A vingança da natureza
Redação DM
Publicado em 22 de maio de 2016 às 01:42 | Atualizado há 10 anos
Nos dias de hoje frequentemente ouço ou leio nos noticiários falados ou escritos, após uma chuva forte, os repórteres dizem que, “O rio invadiu casas, ruas, prédios etc”; ou durante uma ressaca que o mar invadiu as calçadas.
– Penso quem estava lá antes?
– As construções ou o leito do rio?
– As calçadas ou o mar?
Na ótica da maioria dos repórteres parece que o rio ou o mar foram que invadiram. Óbvio que os rios ou qualquer curso d água ou mares estavam nos seus lugares a milhares de anos.
Nossa visão simplista colocando as situações sem uma análise mais profunda e querendo informar dando destaque as “maldades” da natureza, encobrem uma inversão de valores. Pois foram as calçadas, as ruas, as construções que invadiram, os rios, os mares, as florestas, sem o menor respeito ao meio ambiente.
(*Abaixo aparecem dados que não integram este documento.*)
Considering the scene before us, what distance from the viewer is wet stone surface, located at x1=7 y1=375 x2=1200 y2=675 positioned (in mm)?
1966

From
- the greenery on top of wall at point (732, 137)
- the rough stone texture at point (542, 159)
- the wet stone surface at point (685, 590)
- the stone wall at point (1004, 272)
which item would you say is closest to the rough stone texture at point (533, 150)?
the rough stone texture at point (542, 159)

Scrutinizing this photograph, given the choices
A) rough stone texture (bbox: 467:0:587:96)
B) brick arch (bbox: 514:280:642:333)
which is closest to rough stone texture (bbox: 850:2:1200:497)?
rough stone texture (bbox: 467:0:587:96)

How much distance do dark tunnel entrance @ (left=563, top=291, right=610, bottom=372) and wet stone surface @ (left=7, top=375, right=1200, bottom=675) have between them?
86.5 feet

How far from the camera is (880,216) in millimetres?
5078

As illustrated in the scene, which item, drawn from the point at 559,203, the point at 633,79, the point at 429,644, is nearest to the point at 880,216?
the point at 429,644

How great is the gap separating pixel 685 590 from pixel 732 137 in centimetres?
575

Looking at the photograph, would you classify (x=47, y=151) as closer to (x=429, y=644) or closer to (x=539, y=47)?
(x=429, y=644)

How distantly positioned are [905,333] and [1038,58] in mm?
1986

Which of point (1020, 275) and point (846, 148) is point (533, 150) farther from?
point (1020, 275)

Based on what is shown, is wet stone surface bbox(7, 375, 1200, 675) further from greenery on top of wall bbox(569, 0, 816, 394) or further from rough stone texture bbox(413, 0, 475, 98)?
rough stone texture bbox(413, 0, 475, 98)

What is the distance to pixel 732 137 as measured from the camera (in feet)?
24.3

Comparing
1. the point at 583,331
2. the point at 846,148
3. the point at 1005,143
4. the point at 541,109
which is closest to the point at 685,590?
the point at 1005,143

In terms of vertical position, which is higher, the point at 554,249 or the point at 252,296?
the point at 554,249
Recentemente na cidade maravilhosa- leia-se Rio de Janeiro, houve o exemplo clássico com o descaso e irresponsabilidade, construiram uma estrutura para abrigar uma ciclovia onde o mar não “deveria” atingir. Pergunte-se: combinaram com Netuno? Creio que o Deus dos mares vendo aquela estrutura, de gosto duvidoso que embora prática ou mais em conta para a sua construção, além de poluição visível “estava” invadindo sua área de ação.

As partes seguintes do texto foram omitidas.